So what was the industry’s solution?

Intimacy coordination and guidelines. 

The Intimacy Coordinator was once a rarity in films. In fact, most sets didn’t have the proper support or guidelines to make intimate scenes. 

Variety Australia spoke to one actress (who spoke on the condition of anonymity) about her experiences on set. She spoke about two horrible incidents; the first was when a director kissed her during a blocking rehearsal, and the second was when she’d been asked to show more of herself during a scene than she felt comfortable with.

“I was pushed to do things I didn’t want to do,” she told Variety Australia

“They wanted me to show more of myself than I felt comfortable with, and now I fear I’m on some Pornhub site or something like that.
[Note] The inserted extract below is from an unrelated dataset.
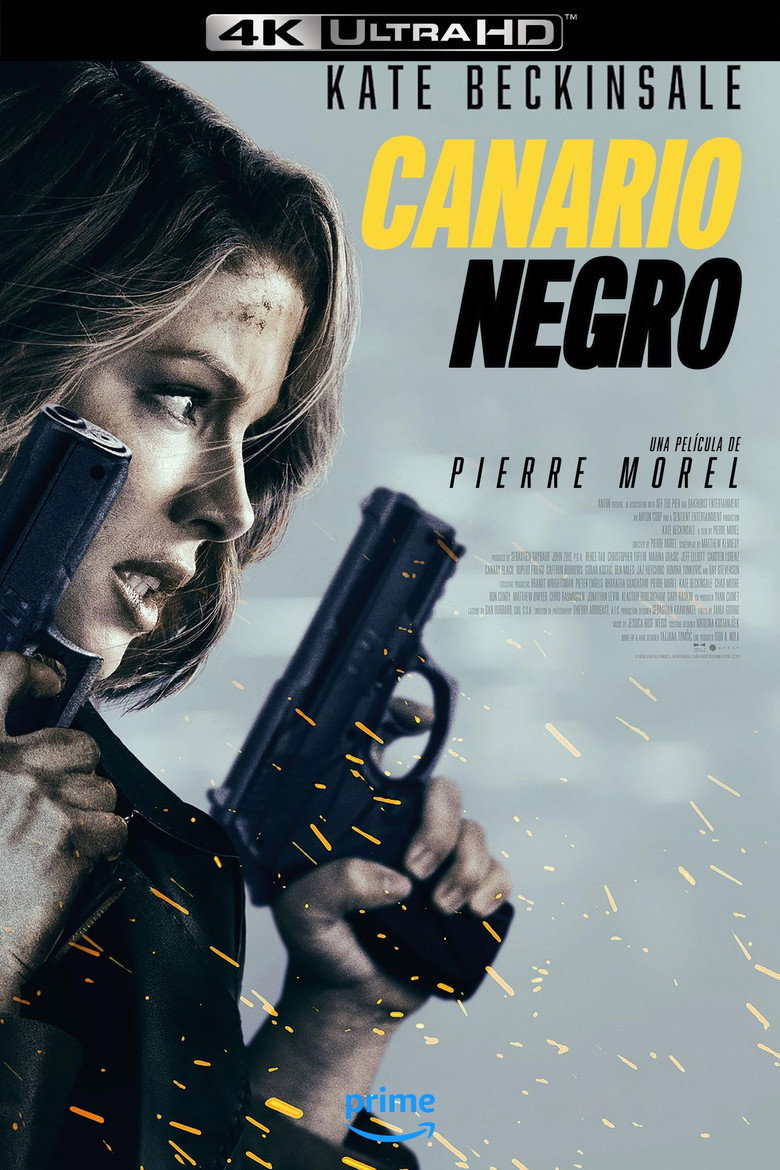 Póster la Película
“I was asked to show my boobs, and there were stills taken of me during that time. [During] a shower scene, I was asked to take my underwear off, and I said no because it’s a mid-shot and it’s out of frame. It was the polar opposite to my experience with … the intimacy coordinator,” she says. 

Intimacy coordinator and acting coach Rebecca Fortuna, and SAG-AFTRA accredited intimacy coordinator Michela Carattini, told Variety Australia that an intimacy coordinator is responsible for many things on set, such as ensuring actors feel comfortable and safe, and at times they can have additional expertise or qualities that may be beneficial to your project.

“The main thing this role is bringing to sets, which has been missing for a long time, is just the open communication about intimacy and how it’s not something to be feared,” Fortuna says.

Aside from ensuring consent, intimacy coordinators play a huge role in the disruption of power dynamics on set and can conduct a risk assessment for certain scenes. They try their best to ensure actors never feel the pressure that they could be replaced by not consenting to perform intimate actions on set.

“Intimacy coordinators speak one-on-one with the actors involved in the scene to interrupt the producer/director/actor power dynamic,” explains Carattini.

“It’s to provide a safe space with a person who doesn’t have the power to hire or fire that actor and who is there to advocate for the actor and to help come up with ideas and alternatives that are going to be within the actor’s boundaries but also serve the vision that the director has.”

The #MeToo movement was a monumental milestone that helped create demand for intimacy coordinators and guidelines around filming sex scenes safely. Carattini pointed to the findings of the 2015-2017 forums run by Women In Theatre and Screen (WITS Australia), where she sat as one of the committee members. She said the #MeToo movement brought a lot of attention to this issue in the Australian industry, but even before then, they had heard incredible testimonies of some of the issues people identifying as women would face on sets.

One woman who attended the forum said, “I was bitten and bruised by a male actor in a fight scene in which my character was raped. I had ribs broken. And when I spoke up, I wasn’t heard. I know of other women who felt threatened to play vulnerable roles, but they’re afraid to speak up.”

This behaviour, and thousands of other testimonies that were heard, highlights how big the problem is. But there is a shift, with more intimacy coordinators popping up in Australian projects. In addition to the inclusion of intimacy coordination, Australia now has a brand new set of guidelines released by the MEAA. Intimacy coordinators are slowly becoming more present on sets, but for the safety of everyone, there is a push to make them mandatory. 

There’s a big difference in the impact they can make on sets. The actress who spoke to Variety Australia under anonymity had this to say about her experiences with an intimacy coordinator: “All my concerns had been taken care of, and I could focus on my work and not feel judged or embarrassed when that scene comes out.”

She added: “I think intimacy coordinators should be made mandatory because it allows the actor and director to focus on the million other things they need to focus on. The coordinator is there to facilitate the actor to do their job.”